Linear regression: would mean you are restricting to horizontal regression lines (since having constant \( y\)-values on the line gives a constant model output). For simplicity, suppose that the source of the data requires the \( y\)-values to be in some interval \( [a,b]\), and the distribution of \( y\)-values is uniform in that range. 2
Among all possibilities for \( S\), it is more likely that observed \( y\)-values in \( S\) will have an average that is close to the overall average \( \bar y = \frac{a+b}2\), than it is that their average would not be near \( \bar y\). 3 In fact, the expected horizontal regression line would be \( y = \bar y\). Since data is distributed uniformly throughout the range, this expected model will have high variance between the observations and the model’s prediction. That is,
\( {\displaystyle\frac{1}{m}\sum_{i=1}^m (\hat y_i – y_i)^2 = \frac{1}{m}\sum_{i=1}^m (\bar y – y_i)^2}\)

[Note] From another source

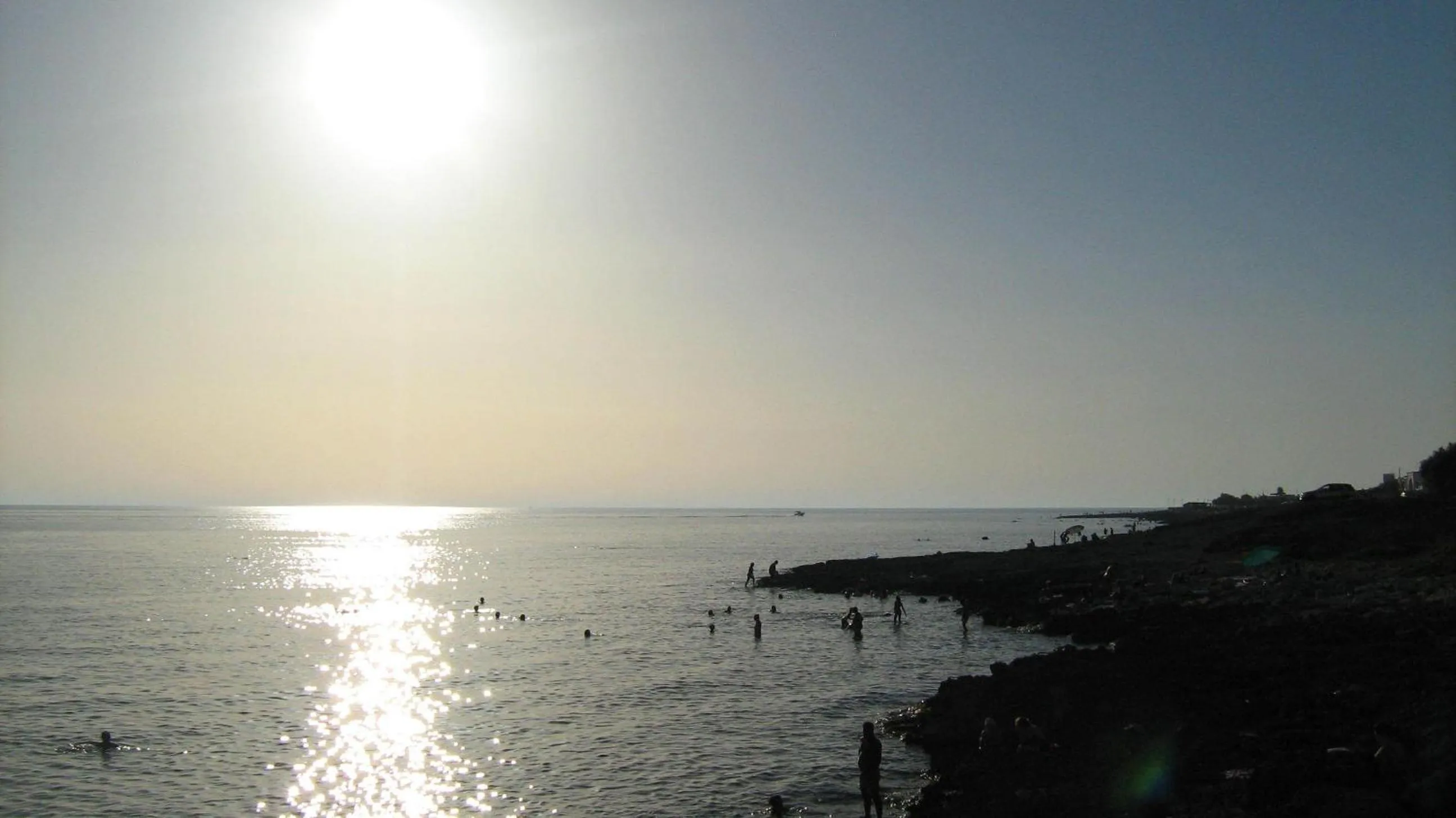 Day in Albergo Europa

will be large. This is a simple example of the Bias being large. It is somewhat like a gambler noticing that the average outcome of a (single-zero) roulette wheel is 18, and deciding to always bet on 18.
Complexity and the Bias-Complexity decomposition.

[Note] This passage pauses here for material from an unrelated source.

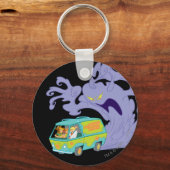 De Mystery Machine Escape Sleutelhanger (Voorkant)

Suppose that the MSE is being used to measure error (it is the loss function) of the model. 4 To use MSE in order to understand the expected generalization error, rather than understanding it for just one model, it is necessary to consider the variance between \( h_S({\bf x})\) and \( y\) not only over the instance space \( \mathcal X\), but also over the set of possible training sets (each of which gives rise to a particular model \( h_S\)).
Notationally,5 you want to understand the average \( \mathbb E_{S, {\bf x}, y}[(h_S({\bf x}) – y)^2]\). We will break this expression up in a couple of ways in order to express it in pieces that involve how you expect the algorithm and its resulting model to perform on average.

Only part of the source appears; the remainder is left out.